RECORDS FOR THE TASK START
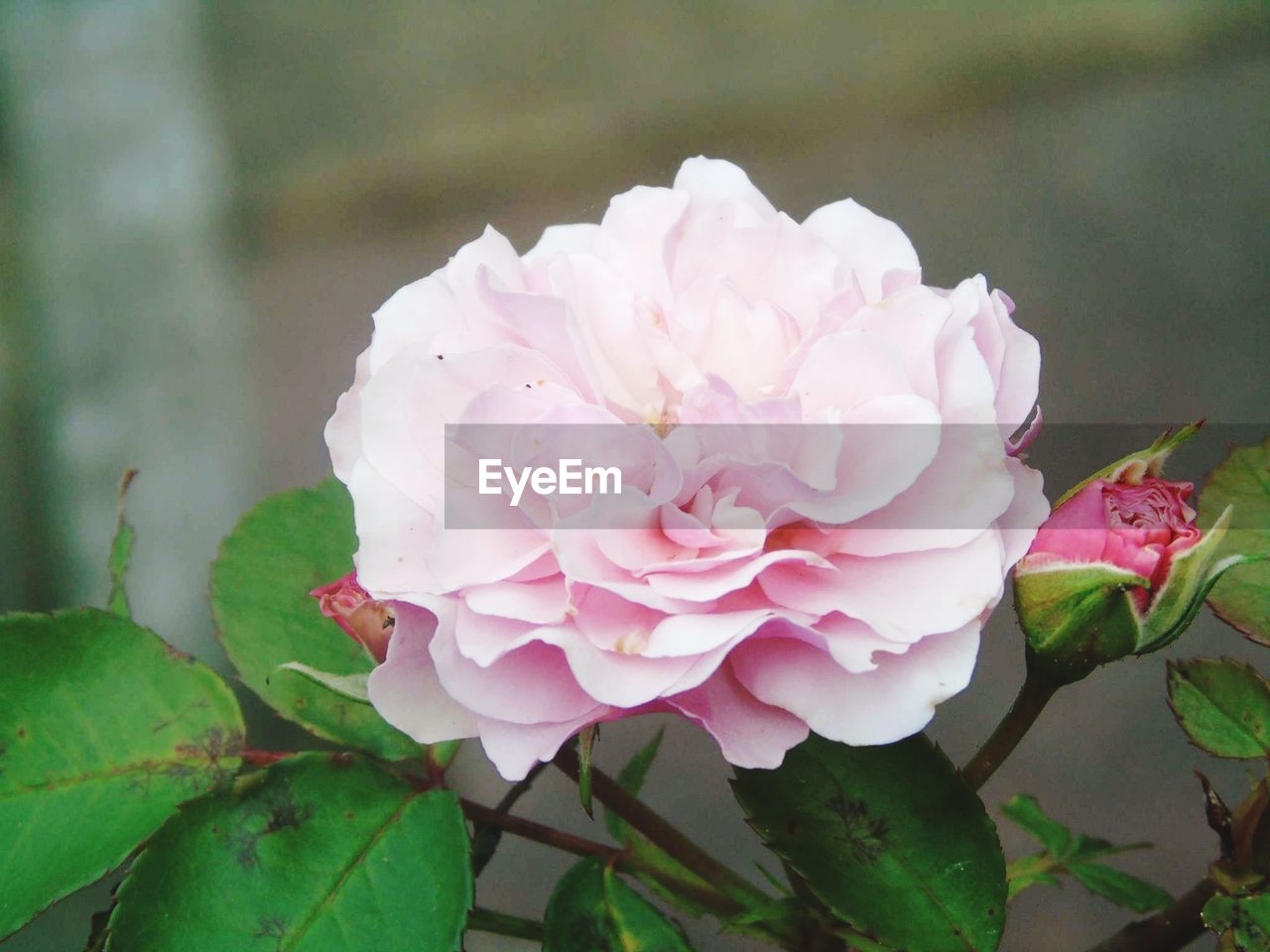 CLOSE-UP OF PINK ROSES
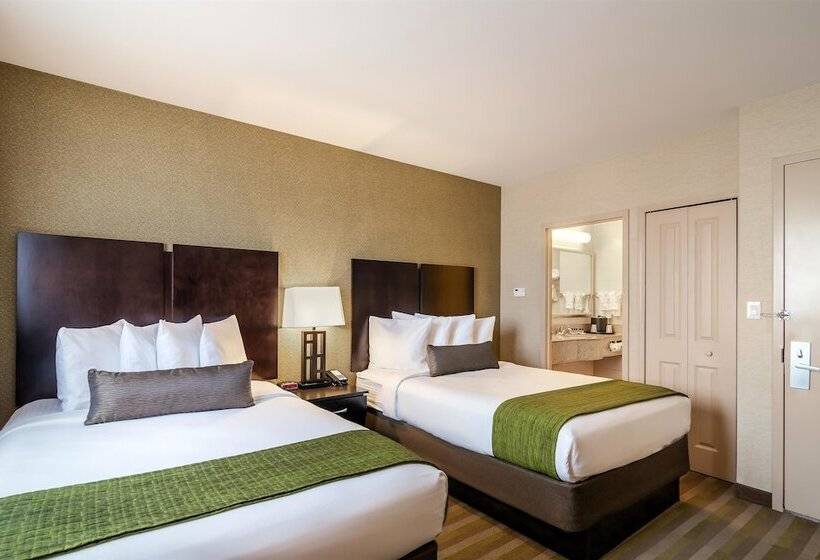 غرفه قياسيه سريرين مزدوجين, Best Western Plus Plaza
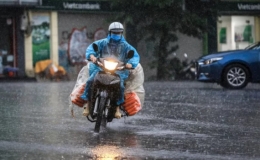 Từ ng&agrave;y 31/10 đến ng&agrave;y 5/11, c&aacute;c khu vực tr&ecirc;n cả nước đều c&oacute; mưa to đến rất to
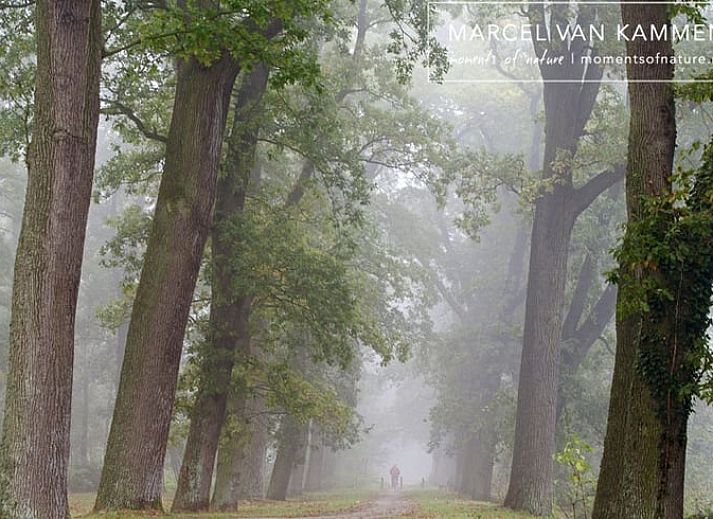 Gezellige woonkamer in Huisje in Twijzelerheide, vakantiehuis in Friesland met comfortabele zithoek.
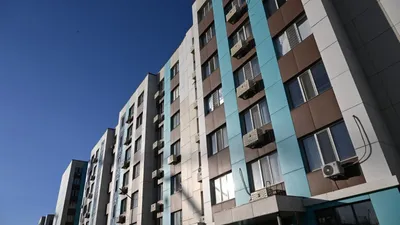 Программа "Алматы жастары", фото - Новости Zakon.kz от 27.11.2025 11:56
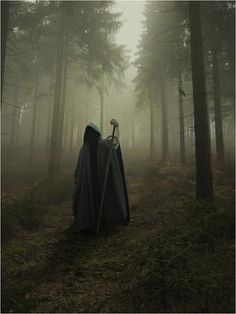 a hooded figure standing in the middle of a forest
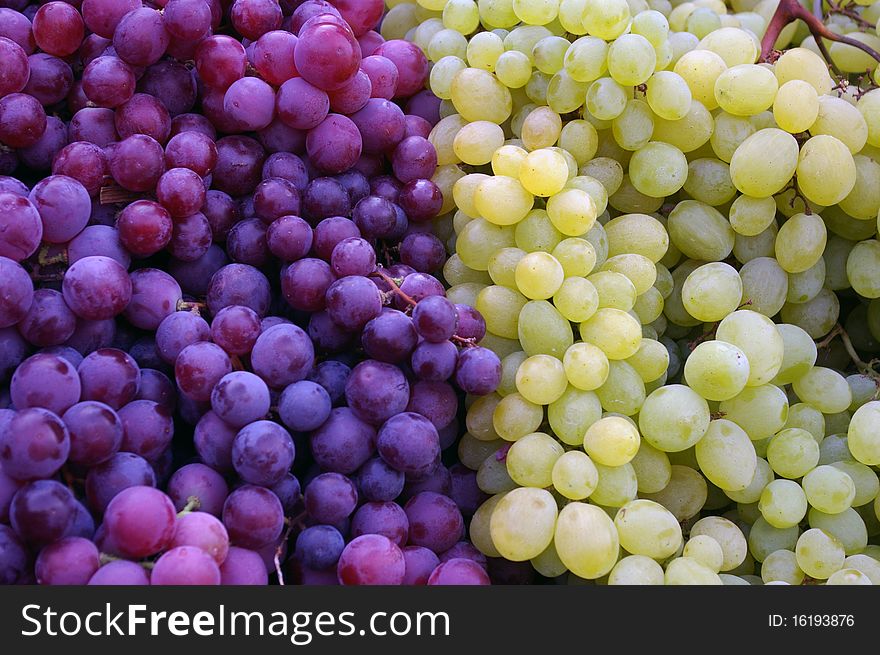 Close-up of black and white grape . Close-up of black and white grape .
RECORDS FOR THE TASK END
Without the pictures, return each entry exactly as given.

_ANSWER BOX:_
 CLOSE-UP OF PINK ROSES
 غرفه قياسيه سريرين مزدوجين, Best Western Plus Plaza
 Từ ng&agrave;y 31/10 đến ng&agrave;y 5/11, c&aacute;c khu vực tr&ecirc;n cả nước đều c&oacute; mưa to đến rất to
 Gezellige woonkamer in Huisje in Twijzelerheide, vakantiehuis in Friesland met comfortabele zithoek.
 Программа "Алматы жастары", фото - Новости Zakon.kz от 27.11.2025 11:56
 a hooded figure standing in the middle of a forest
 Close-up of black and white grape . Close-up of black and white grape .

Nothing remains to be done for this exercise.